CAFAna on the grid » History » Version 14
CAFAna on the grid¶
First, are you sure you need to run on the grid?
How long is your macro expected to take (look at the progress bar)? If it's less than about an hour the grid is definitely more hassle than it's worth (not for CAFAna reasons, just in general).
Second, are you really sure you need to run on the grid?
The goal of CAFAna is for macros to run relatively quickly interactively. If you have very large runtimes there may well be something you can do.
Probably doesn't help too much if your problem is large file sizes, but it can be a big help (2-3x) in other cases.
When you setupnova
setupnova -r $REL -b maxopt
Or you can do it later
export SRT_QUAL=maxopt srt_setup
Remember if you're using a test-release your local changes won't have any effect unless you've built in the same version (debug vs maxopt) as you're running.
Running over fewer files¶
The least satisfying solution, but also the easiest. Can you get away with running over fewer files? Pass an option like
-s 10 to
cafe to run over only 1/10th of the files in your dataset or wildcard.
Particularly when developing your macro you want as quick a turnaround as possible, and probably don't care so much what the results actually look like.
If you spend most of your time rerunning a multiple-minutes macro to make a series of changes to the plotting styles it will be well worth your time to split your macro up. A good pattern is one (slower) macro that simply does all the loading from files and immediately writes out all the
Prediction etc objects you need using
SaveTo, and a second (very quick) macro to load those in (
LoadFrom) and plot them, that you can iterate as many times as necessary.
Reducing file size (sumdecaf/concat)¶
Take a look at your input files
samweb list-definition-files --summary my_query
du -sh my_dir/
If your dataset is large (more than a gigabyte or so) you can definitely go faster with smaller files.
Are there sumdecafs/concats you should be using rather than CAFs?

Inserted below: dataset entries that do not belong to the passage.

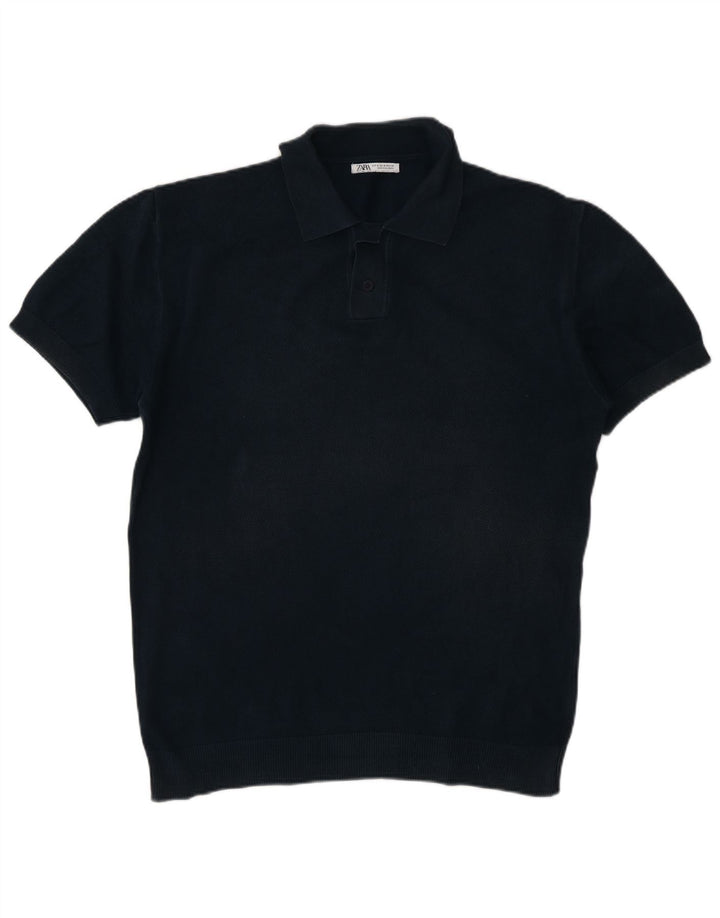 Zara Herren-Pullover mit Polokragen, kurzärmelig, Mittelblau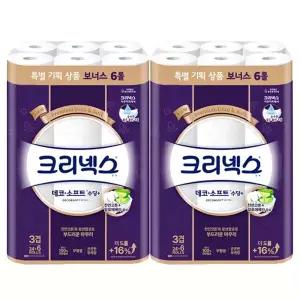 크리넥스 데코앤소프트 수딩플러스 3겹 화장지 25m 30롤 X 2팩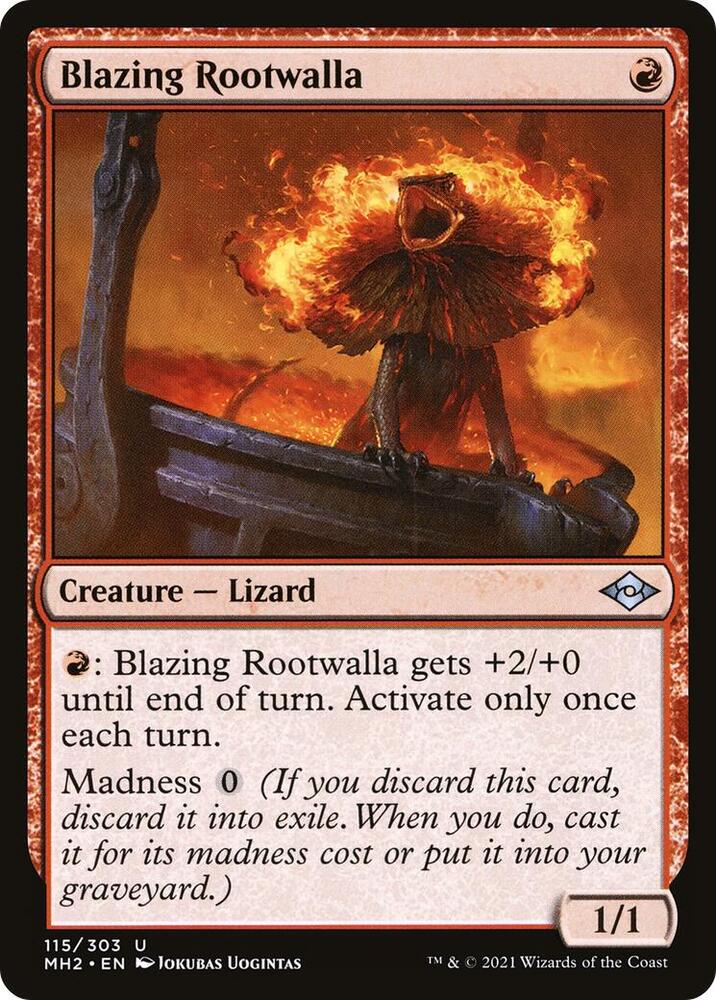 Blazing Rootwalla 115 card from Modern Horizons 2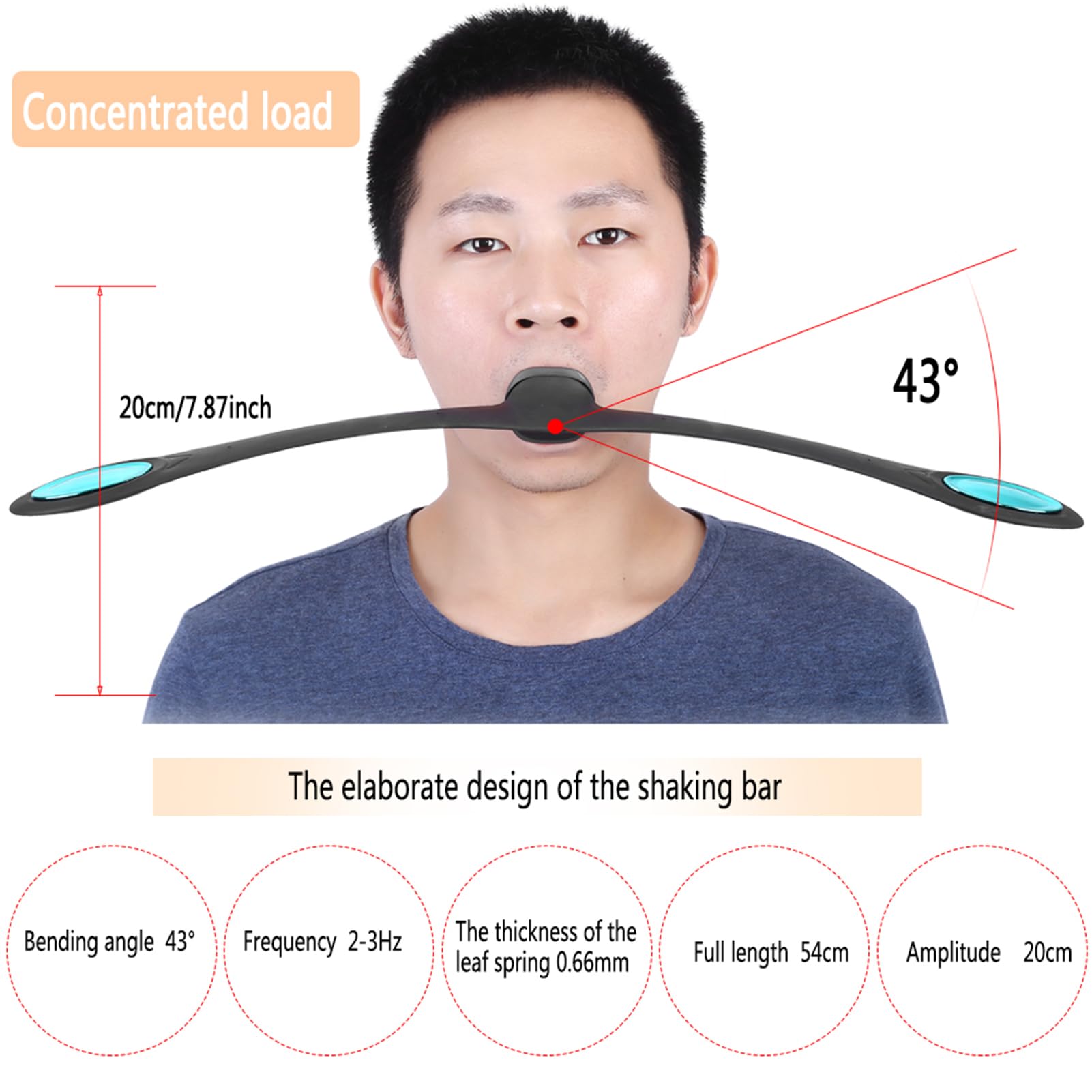 Luocute Gesichtstrainer, Vibrationstrainingsgerät mit 3 Ausgleichsgewichten Zur Hautstraffung und Anti-Falten, Doppelkinn-Reduzierer, Toner für Frauen und Männer (BLACK)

The analysis groups take the CAFs produced by production and produce analysis specific sumdecafs/concats where a preselection has been applied (some combination of quality, containment and loose cosmic rejection cuts). These files also drop some excessive truth information carried around by full CAFs. They are usually substantially smaller than the corresponding CAFs.
If the existing sumdecafs are unsuitable for you for some reason, e.g. they cut out events you need, or you could make your files substantially smaller by applying more stringent cuts, look into making your own sumdecafs (Making decafs). It's not that hard, and could save you a lot of time in future. If your sumdecafs might be broadly useful, please discuss the cuts and metadata with the relevant people (group conveners, production conveners) and look into making them broadly available.
Reducing file number (concat)¶
If you have a large number of input files (thousands) time can be dominated by opening and closing files, especially from pnfs over xrootd, instead of doing useful work. If it only takes a second or so to process each individual file concatenating your inputs could make a big difference. Production should provide a concatenated version of every completed decaf dataset for the Second Analysis onwards at
/nova/prod/concat/. If you have some unusual requirements, or you need to concatenate your own decafs, look at Concatenating CAFs.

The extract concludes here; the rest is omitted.